### TASK INSTRUCTIONS
In the records below, find each line with the word "Reißverschluss" and copy it.

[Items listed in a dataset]

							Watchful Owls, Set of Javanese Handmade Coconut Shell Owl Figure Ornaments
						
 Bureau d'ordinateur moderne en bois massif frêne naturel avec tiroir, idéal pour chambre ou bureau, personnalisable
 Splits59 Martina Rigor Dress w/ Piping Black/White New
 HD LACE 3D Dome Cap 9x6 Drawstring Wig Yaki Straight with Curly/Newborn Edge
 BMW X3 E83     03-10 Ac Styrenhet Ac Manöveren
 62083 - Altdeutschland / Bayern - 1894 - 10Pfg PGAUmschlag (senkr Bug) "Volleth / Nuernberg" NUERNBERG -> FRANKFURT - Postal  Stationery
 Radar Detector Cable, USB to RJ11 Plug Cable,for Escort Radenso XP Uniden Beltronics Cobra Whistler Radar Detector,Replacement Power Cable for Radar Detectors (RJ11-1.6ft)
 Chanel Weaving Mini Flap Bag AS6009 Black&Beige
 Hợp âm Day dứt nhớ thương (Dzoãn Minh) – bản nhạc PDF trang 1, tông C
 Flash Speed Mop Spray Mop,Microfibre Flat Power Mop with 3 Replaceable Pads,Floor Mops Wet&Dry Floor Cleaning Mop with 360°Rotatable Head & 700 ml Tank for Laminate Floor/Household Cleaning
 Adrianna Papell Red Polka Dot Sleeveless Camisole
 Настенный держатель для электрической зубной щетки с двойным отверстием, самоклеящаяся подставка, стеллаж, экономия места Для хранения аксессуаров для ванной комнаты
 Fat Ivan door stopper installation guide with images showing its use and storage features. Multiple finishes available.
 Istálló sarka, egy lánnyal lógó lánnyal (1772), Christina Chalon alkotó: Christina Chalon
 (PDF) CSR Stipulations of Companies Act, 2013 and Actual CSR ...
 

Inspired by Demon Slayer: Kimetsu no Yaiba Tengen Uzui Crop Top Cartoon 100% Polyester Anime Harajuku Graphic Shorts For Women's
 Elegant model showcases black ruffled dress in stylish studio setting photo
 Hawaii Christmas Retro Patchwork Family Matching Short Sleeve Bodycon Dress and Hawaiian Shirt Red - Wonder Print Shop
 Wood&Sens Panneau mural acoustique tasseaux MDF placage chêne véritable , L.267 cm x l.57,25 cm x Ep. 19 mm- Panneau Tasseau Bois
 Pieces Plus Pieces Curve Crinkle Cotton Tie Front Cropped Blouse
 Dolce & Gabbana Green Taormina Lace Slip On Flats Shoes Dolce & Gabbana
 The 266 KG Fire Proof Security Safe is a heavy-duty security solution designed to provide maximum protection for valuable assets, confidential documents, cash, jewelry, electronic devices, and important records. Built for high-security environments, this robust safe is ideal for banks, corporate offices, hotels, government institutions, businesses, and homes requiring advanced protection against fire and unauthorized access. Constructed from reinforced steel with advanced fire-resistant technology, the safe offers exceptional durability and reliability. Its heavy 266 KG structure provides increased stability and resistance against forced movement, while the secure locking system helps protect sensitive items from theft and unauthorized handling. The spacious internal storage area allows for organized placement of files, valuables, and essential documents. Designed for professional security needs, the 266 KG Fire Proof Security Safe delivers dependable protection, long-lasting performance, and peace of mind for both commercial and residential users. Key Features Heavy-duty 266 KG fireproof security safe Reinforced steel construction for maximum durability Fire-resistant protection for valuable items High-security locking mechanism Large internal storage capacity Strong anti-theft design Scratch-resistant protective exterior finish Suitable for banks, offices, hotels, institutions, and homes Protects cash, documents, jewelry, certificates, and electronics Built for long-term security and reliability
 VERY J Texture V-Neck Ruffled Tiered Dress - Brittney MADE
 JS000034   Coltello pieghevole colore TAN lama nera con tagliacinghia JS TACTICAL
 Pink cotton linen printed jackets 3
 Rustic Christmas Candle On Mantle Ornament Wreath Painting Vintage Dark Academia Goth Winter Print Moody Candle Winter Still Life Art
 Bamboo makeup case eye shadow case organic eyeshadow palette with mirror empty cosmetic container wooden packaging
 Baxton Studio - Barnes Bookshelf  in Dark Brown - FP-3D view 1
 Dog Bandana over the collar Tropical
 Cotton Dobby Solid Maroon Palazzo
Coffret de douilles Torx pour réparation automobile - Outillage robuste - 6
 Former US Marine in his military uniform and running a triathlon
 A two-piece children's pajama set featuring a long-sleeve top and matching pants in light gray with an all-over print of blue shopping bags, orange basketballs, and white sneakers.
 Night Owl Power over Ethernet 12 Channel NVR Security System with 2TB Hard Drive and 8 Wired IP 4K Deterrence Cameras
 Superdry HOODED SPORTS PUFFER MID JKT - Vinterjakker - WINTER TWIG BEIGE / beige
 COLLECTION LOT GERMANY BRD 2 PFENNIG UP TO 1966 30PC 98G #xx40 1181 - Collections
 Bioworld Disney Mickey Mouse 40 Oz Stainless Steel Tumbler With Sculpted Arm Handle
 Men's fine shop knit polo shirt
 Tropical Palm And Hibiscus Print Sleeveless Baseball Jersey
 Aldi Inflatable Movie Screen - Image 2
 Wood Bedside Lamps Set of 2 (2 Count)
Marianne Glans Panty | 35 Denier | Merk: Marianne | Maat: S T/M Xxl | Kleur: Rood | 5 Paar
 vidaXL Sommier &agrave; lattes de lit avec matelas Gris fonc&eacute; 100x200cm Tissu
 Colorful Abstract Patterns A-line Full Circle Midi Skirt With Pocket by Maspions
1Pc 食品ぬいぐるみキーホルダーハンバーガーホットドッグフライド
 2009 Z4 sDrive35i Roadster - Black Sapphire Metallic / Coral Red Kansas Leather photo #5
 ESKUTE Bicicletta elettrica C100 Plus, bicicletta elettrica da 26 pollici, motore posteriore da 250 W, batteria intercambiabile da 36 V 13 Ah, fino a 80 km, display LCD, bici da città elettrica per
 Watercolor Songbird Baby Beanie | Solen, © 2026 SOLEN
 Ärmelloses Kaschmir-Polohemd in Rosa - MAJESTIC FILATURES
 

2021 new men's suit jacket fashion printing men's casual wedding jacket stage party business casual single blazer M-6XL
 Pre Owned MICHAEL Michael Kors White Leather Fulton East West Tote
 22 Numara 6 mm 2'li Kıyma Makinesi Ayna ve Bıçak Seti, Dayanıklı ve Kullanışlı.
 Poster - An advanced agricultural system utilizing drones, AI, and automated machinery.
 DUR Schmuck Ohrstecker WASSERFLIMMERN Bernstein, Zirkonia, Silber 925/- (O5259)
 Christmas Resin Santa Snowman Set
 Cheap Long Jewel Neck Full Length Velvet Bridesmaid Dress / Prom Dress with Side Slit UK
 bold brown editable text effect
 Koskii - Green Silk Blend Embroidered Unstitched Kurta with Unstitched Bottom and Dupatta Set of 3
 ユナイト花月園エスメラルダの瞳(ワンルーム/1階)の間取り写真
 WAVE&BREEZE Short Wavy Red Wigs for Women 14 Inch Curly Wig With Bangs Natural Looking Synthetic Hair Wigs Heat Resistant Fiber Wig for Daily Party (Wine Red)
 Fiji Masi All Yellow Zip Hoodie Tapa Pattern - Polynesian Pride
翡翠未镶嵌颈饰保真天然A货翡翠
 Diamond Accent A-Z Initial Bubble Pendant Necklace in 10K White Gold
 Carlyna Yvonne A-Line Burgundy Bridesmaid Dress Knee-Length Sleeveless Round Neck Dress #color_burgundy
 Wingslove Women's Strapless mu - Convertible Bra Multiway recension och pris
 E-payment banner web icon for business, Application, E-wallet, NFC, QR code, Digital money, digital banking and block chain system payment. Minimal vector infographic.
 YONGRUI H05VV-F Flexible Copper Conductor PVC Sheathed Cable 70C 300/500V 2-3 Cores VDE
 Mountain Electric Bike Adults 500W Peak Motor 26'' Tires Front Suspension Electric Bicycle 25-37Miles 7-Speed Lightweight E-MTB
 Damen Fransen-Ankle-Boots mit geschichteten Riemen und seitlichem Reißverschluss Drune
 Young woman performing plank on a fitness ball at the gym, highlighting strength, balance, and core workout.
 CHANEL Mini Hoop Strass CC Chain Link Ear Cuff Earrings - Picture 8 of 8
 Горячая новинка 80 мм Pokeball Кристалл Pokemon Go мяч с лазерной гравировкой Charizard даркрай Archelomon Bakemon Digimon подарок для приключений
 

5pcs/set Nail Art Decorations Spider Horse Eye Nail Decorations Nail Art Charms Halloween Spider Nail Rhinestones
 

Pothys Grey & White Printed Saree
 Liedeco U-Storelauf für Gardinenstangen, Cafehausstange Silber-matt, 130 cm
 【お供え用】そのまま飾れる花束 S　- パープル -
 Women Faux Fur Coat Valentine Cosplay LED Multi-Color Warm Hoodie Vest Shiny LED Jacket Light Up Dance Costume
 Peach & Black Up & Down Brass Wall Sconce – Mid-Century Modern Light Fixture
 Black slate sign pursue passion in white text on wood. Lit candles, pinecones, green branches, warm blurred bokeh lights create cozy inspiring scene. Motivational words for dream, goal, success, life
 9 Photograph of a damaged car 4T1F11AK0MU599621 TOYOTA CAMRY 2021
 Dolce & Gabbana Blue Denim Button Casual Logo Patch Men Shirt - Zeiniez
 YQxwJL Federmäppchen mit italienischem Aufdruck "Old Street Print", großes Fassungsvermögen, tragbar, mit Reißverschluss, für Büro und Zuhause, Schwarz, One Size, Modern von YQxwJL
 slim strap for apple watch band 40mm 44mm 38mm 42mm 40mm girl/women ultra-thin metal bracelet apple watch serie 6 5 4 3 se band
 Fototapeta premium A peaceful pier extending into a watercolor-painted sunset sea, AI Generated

### REPLY TO THE EXERCISE
 Damen Fransen-Ankle-Boots mit geschichteten Riemen und seitlichem Reißverschluss Drune
 YQxwJL Federmäppchen mit italienischem Aufdruck "Old Street Print", großes Fassungsvermögen, tragbar, mit Reißverschluss, für Büro und Zuhause, Schwarz, One Size, Modern von YQxwJL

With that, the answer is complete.